The shift to the new mode and context is clearly marked in the life and work of Baudelaire. Against a backdrop of a real cosmic significance which I am perversely incapable of rejoicing in, talking the side of evil seems pointless; but  where the threat is the ground zero of all meaning, even the recovery of evil is a gain. Baudelaire’s “spleen” poems accomplish a paradoxical liberation: in describing the empty world, the lowered, leaden sky, they lift its weight from my shoulders, by giving this burden a visage and a shape. The ground zero of melancholy has always been one that loses even the sense of what has been lost, even awareness of the source of the pain.  To the extent that melancholy has a place in the cosmic order, as one of the “humors,” which is in turn connected by “correspondences” to other realities, one can escape the ground zero by portraying its characteristic symbols, as Durer does.

But by the time of Baudelaire, where even the correspondences have to be reinvented, our only course is to paint the lack, the evil itself. Hence the new spiritual power of something that can be described as “les fluers du mal.”



' Les Fluers du mal' by Melanie Aimo-Boot



Melancholy, modern style, in the form of a sense of perhaps ultimate meaninglessness, is the recognized modern threat. We readily see it as a danger that menaces all of us. We even see our philosophies and  and spiritual positions addressed to this threat, as attempts to rebut or thwart a sense of meaninglessness. It is common to construe the history of religion through this prism, as though from the beginning we could see it as an answer to the inherent meaninglessness of things. This view is implicit in Weber, I would argue, made more explicit in Gauchet.


http://en.wikipedia.org/wiki/Marcel_Gauchet



I think this is a  serious distortion, but there is obviously some truth in it. And once more, we see James identifying a crucial area of modern spiritual malaise.

But how about the third version of the abyss, the sense of enveloping evil? This is less widely recognized. Awareness of it can be eclipsed by the sense that our great problem in a secular age, after the “death of God,” is meaninglessness. The sense of evil seems to partake too much of the metaphysical dimension that we are supposed to have lefty behind us in modernity.
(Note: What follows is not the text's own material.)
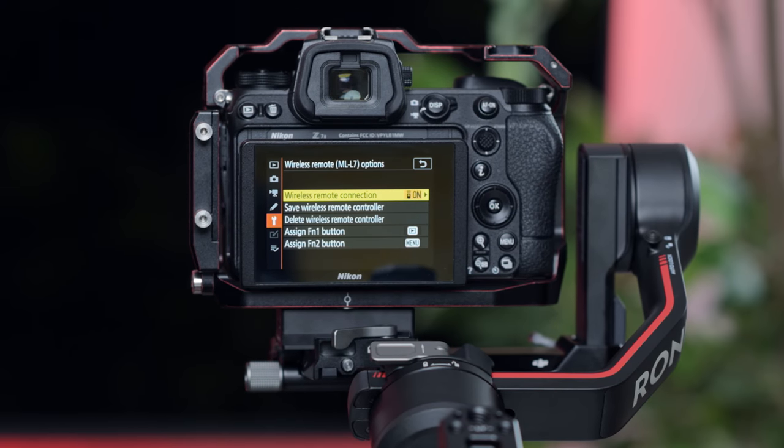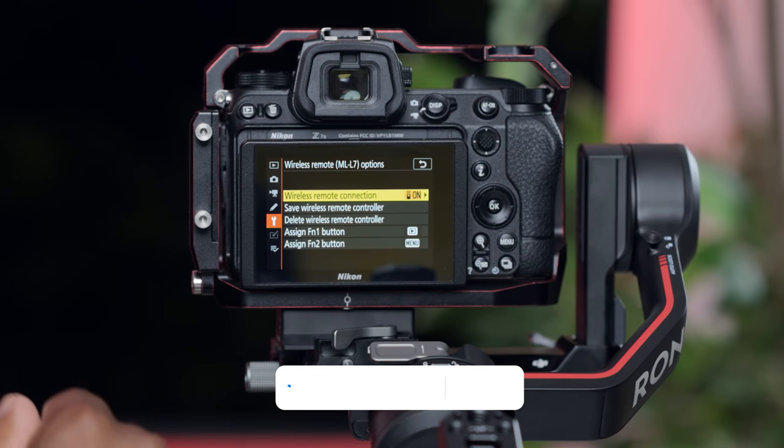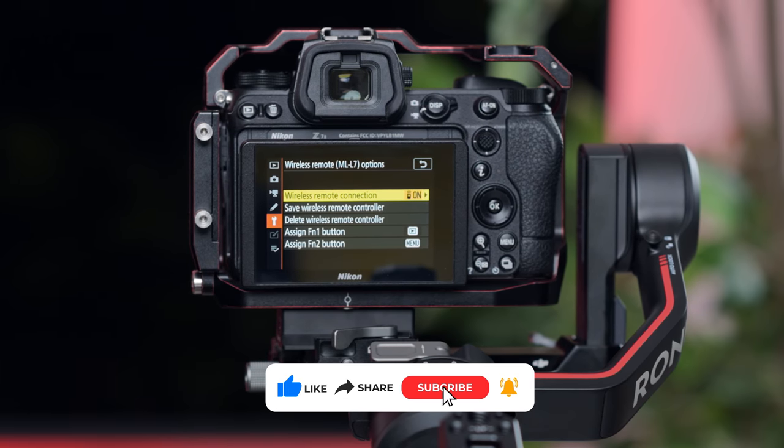Once you're in there, you will be able to connect your DJI RS3 via Bluetooth — have it turned on, press connect, and the two will be connected. Once that's connected, your pairing is done.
But I believe that it defines just as important a threat, if not more urgent than the loss of meaning. As a sense of a guaranteed order in which good can triumph recedes, the sense of the surrounding evil, within us and without, which James so well describes, faces no obvious defenses. It cannot but deeply disturb us. Indeed, one can suspect that we sometimes take flight into the meaninglessness of things in order to avoid facing it, just as Baudelaire in a sense moved in the opposite direction, while aestheticizing evil to make it bearable. But beyond that, the fierce, often violent, moralism of the modern age constitutes one of our important defenses against this sense of pervasive evil.

Even if some of this were true, we can once more credit James with an extraordinary insight into the spiritual needs of the modern world.